Diskless Kafka Explained | S3-Native, 80% Cost Savings

What Is Diskless Kafka?

Diskless Kafka is an architecture paradigm that replaces local disk storage with cloud object storage (like Amazon S3) as the primary data layer. Instead of replicating data across local disks on multiple brokers, a diskless Kafka cluster stores data once in object storage — leveraging its built-in durability (99.999999999%, or 11 nines) and eliminating the need for application-layer replication entirely.

The idea is straightforward: if S3 already guarantees your data won't be lost, why is Kafka replicating it three times across expensive EBS volumes? That question has been simmering in the Kafka community for years, but 2023 marked the turning point. AutoMQ and WarpStream both shipped production-ready diskless Kafka implementations within months of each other. By March 2026, the Apache Kafka community formally accepted KIP-1150 — a proposal to add native diskless topic support to Kafka itself. The direction is no longer debatable. Diskless is where Kafka is headed.

This article explains how diskless Kafka works, why the entire streaming industry is converging on this architecture, and what enterprises should consider — both the benefits and the tradeoffs — before adopting it.

The Industry Is Converging on Diskless

Diskless Kafka is not one company's invention. It is the streaming industry's collective response to a simple economic reality: running disk-based replication on cloud infrastructure is wasteful.

A Timeline of Convergence

The shift happened faster than most people expected:

2023 H2 — AutoMQ and WarpStream launched within months of each other, both replacing local disk storage with S3. Two independent teams, arriving at the same architectural conclusion simultaneously, signaled that the idea's time had come.
Late 2024 — Confluent acquired WarpStream, validating the commercial viability of diskless Kafka. The acquisition confirmed that even the largest Kafka vendor saw object-storage-native architecture as strategically important.
2025 — IBM acquired Confluent for $11 billion, folding WarpStream into the IBM portfolio. Meanwhile, Aiven began developing Inkless — its own diskless implementation based on KIP-1150 — and the Apache Kafka community formally accepted the KIP-1150 Diskless Topics proposal.
2025–2026 — BufStream, StreamNative, and Redpanda (with its Cloud Topics beta) all announced or shipped object-storage integrations. The trickle became a flood.
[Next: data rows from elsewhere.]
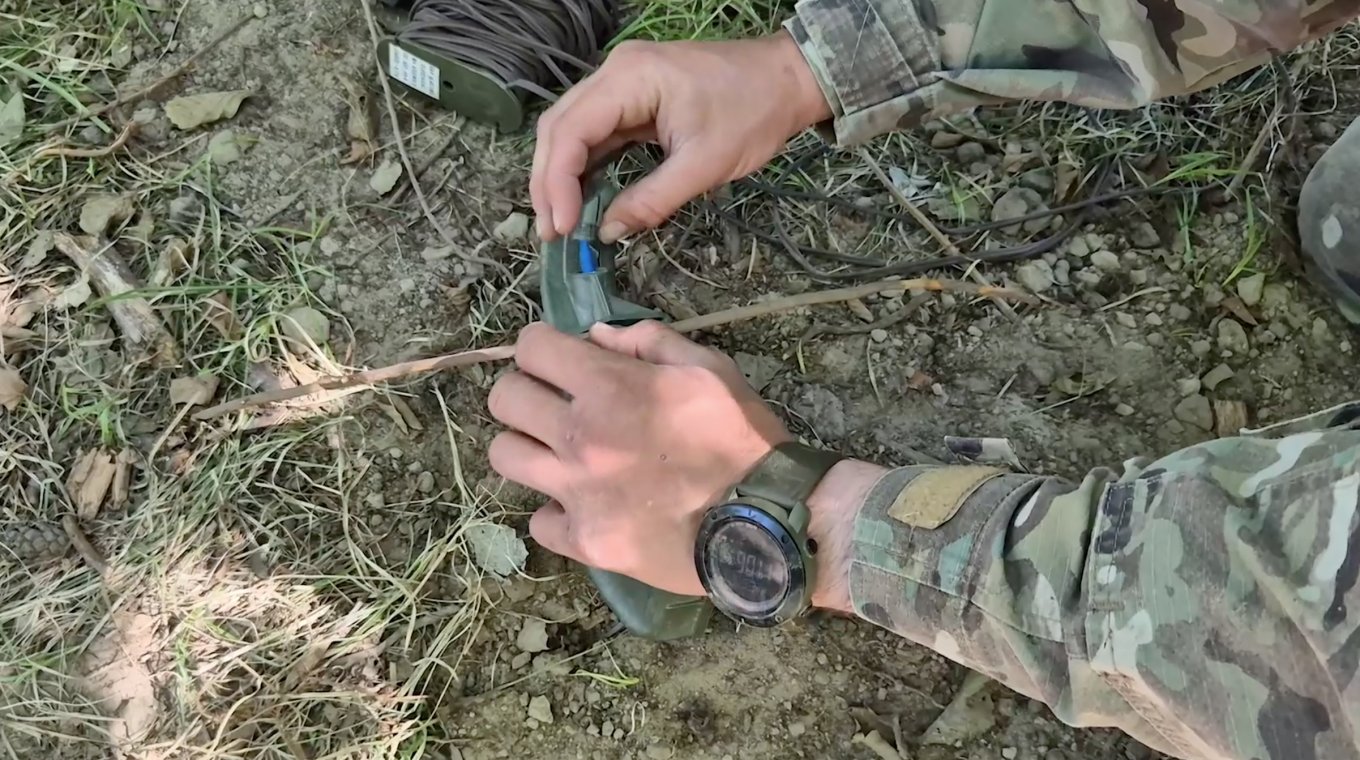 Experience of Ukraine's International Legions, russians Mine Everything in Occupied Territory Even Bodies of Their Own Dead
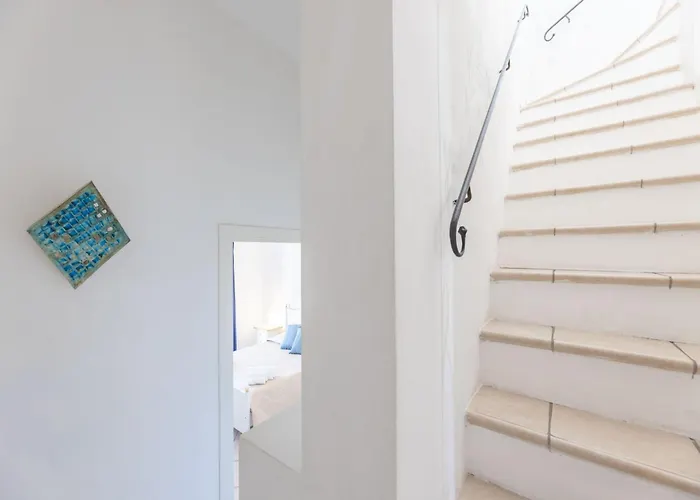 Complex With Pool And Sea View Apartman *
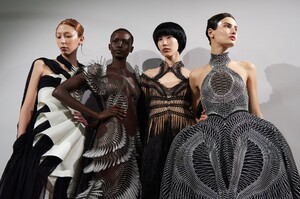 backstage-defile-iris-van-herpen-printemps-ete-2020-paris-coulisses-46.thumb.jpg.c0fe242f837fb2f95e5ca42972549e35.jpg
When this many independent players converge on the same architectural direction, it stops being a trend and starts being an inevitability.

Why the Entire Industry Is Moving This Way

The driving force is economics. Cloud object storage has reached a point where its cost, durability, and elasticity make local disk replication look like an anachronism:

Durability: S3 provides 11 nines of durability out of the box. Kafka's 3× replication was designed for an era when individual disks failed regularly and there was no shared durable storage layer. On the cloud, that replication is redundant.
Cost: S3 costs $0.023/GB. EBS gp3 costs $0.08/GiB — and Kafka needs three copies. The effective storage cost of disk-based Kafka is roughly $0.48 per GB of actual data, more than 20× what S3 charges for the same byte.
Cross-AZ traffic: This is the hidden cost that breaks budgets. Every message Kafka replicates across availability zones incurs $0.01–0.02/GB in network transfer fees. For a 300 MB/s cluster, cross-AZ traffic alone can exceed $50,000/month. S3 is a regional service — writes to S3 don't cross AZ boundaries, so this entire cost category disappears.
Elasticity: S3 has unlimited capacity and requires no provisioning. Disk-based Kafka forces teams to pre-provision storage for peak + failure scenarios, leaving 50% or more of capacity idle most of the time.

The math is unambiguous. Continuing to run disk-based replication on cloud infrastructure means paying a premium for a durability guarantee that the underlying platform already provides for free.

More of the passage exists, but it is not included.